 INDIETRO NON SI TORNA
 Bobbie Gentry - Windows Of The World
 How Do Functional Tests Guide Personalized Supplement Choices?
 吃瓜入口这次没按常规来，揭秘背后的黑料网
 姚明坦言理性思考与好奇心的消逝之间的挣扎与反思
..........
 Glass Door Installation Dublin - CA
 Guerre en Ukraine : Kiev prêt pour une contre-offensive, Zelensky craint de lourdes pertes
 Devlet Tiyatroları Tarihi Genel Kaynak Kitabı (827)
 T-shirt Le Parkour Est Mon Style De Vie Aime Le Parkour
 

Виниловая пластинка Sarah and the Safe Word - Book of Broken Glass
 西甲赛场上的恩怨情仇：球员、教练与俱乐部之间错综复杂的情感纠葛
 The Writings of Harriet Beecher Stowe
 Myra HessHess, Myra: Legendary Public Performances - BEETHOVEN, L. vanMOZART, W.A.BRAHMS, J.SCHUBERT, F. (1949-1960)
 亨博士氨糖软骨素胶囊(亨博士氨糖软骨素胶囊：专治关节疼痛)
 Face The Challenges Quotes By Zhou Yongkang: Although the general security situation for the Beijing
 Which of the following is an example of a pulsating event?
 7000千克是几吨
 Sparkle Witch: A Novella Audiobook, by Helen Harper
..........
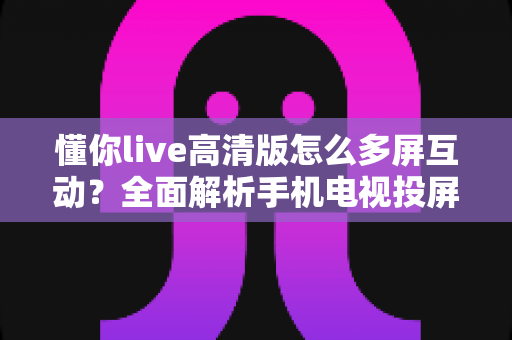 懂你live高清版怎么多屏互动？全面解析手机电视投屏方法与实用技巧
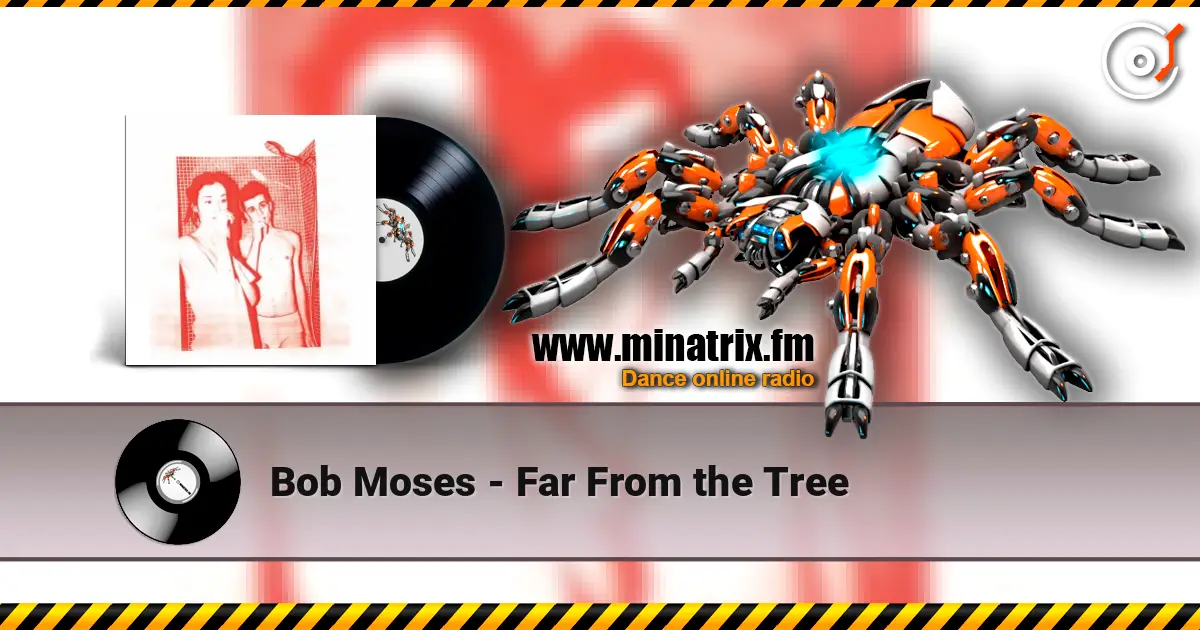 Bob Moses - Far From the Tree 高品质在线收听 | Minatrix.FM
..........
Exercise details:
Copy out only the lines above from the one with "INDIETRO NON SI TORNA" to the one with "姚明坦言理性思考与好奇心的消逝之间的挣扎与反思", inclusive, exactly as they stand.

Task answer:
 INDIETRO NON SI TORNA
 Bobbie Gentry - Windows Of The World
 How Do Functional Tests Guide Personalized Supplement Choices?
 吃瓜入口这次没按常规来，揭秘背后的黑料网
 姚明坦言理性思考与好奇心的消逝之间的挣扎与反思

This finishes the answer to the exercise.